Dataset content:
Start of Block

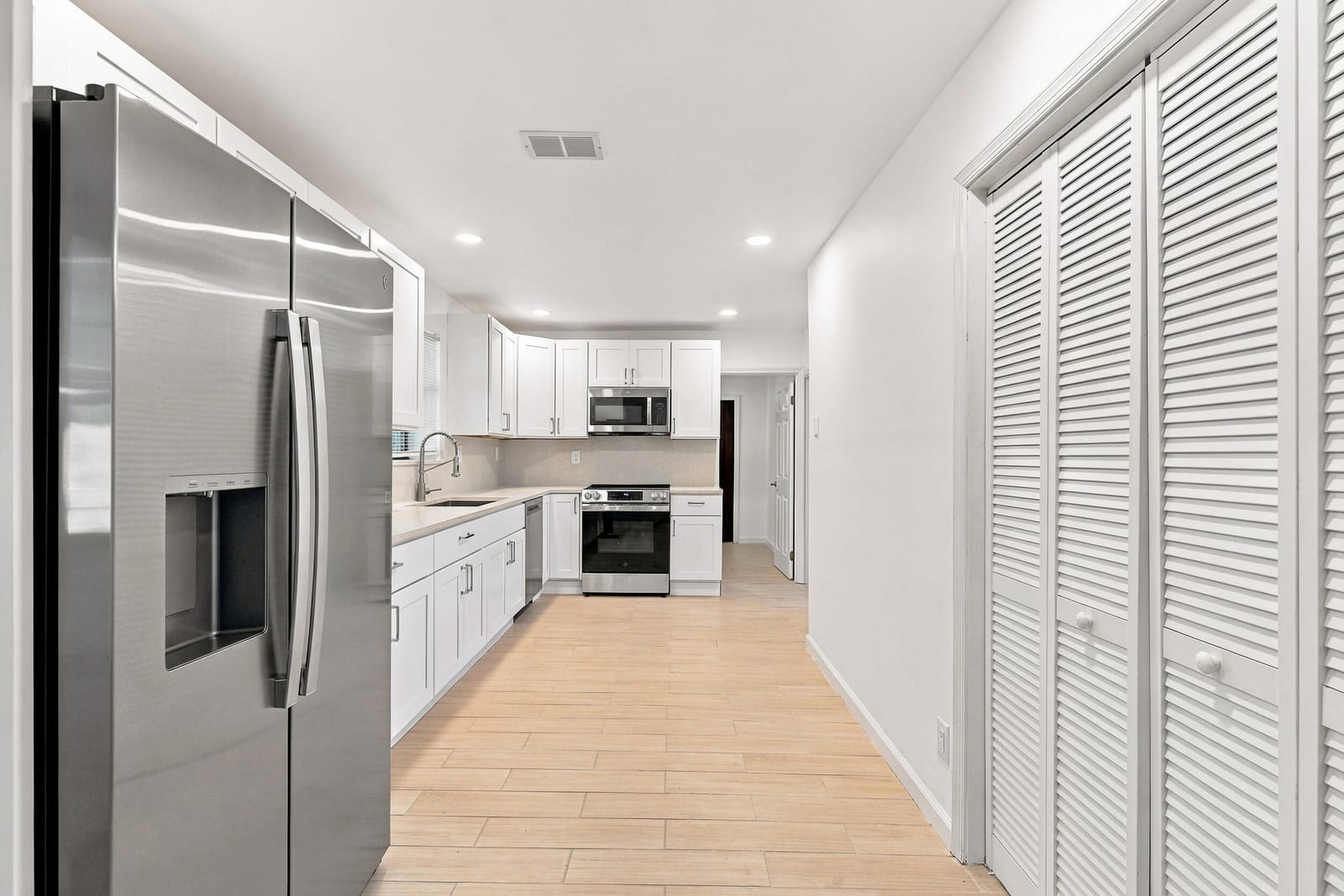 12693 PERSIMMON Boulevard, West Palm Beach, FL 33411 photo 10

End of Block
Start of Block

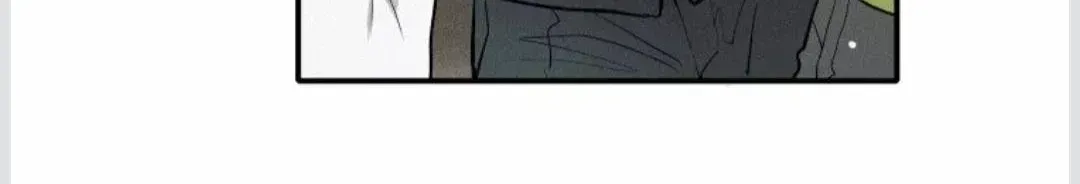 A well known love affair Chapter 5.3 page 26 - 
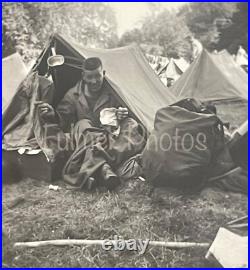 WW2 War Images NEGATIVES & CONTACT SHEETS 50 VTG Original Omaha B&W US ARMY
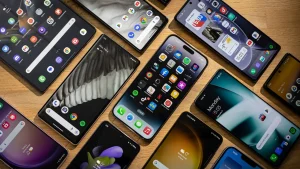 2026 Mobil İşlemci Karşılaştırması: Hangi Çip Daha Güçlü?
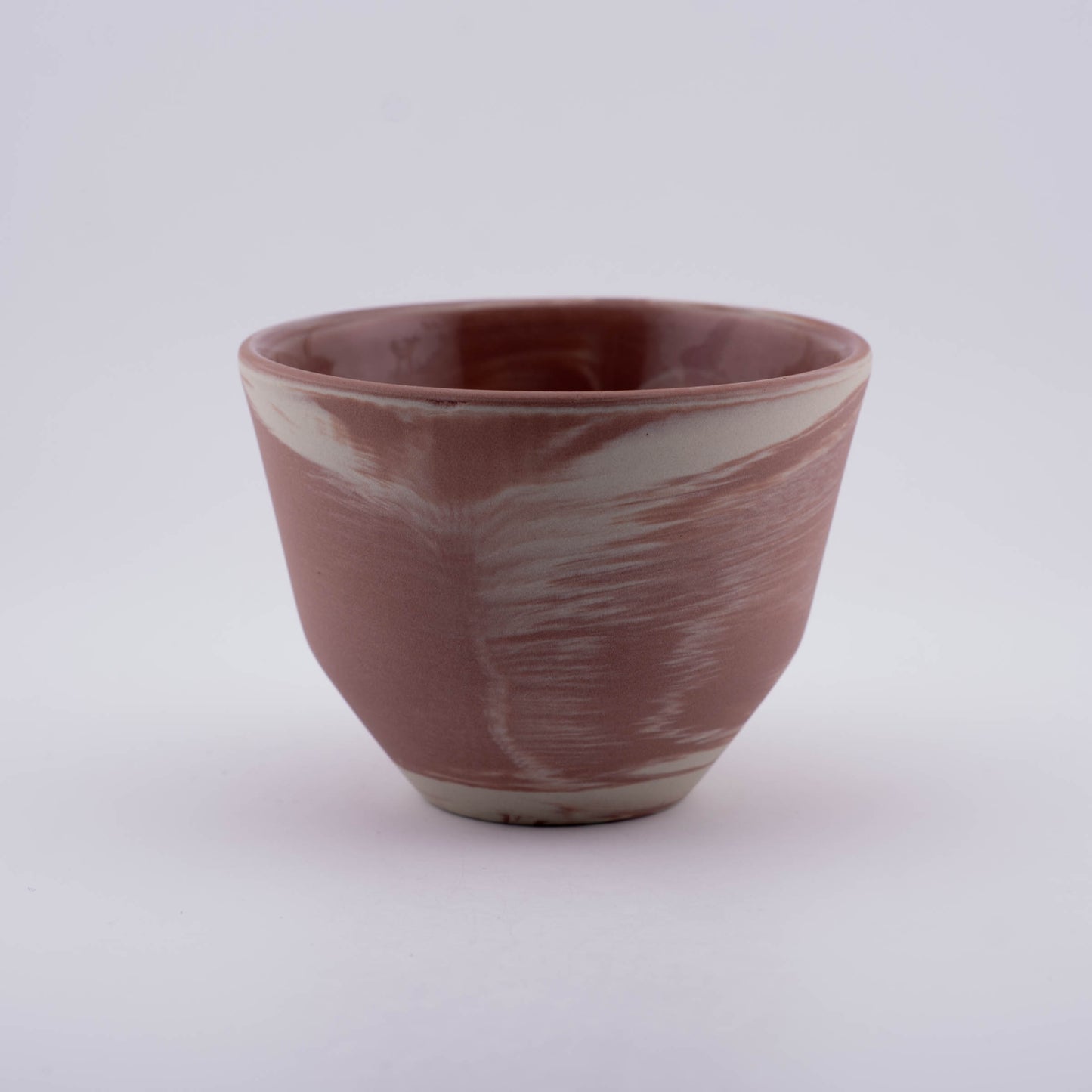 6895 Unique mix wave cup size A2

End of Block
Start of Block

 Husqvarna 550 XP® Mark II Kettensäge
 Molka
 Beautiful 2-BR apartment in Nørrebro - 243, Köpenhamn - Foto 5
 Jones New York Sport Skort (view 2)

End of Block

What to do:
Above are the records; print exactly the lines from the line with "Beautiful 2-BR apartment" to the line with "Jones New York Sport Skort (view 2)", including both, and nothing else.

Written reply:
 Beautiful 2-BR apartment in Nørrebro - 243, Köpenhamn - Foto 5
 Jones New York Sport Skort (view 2)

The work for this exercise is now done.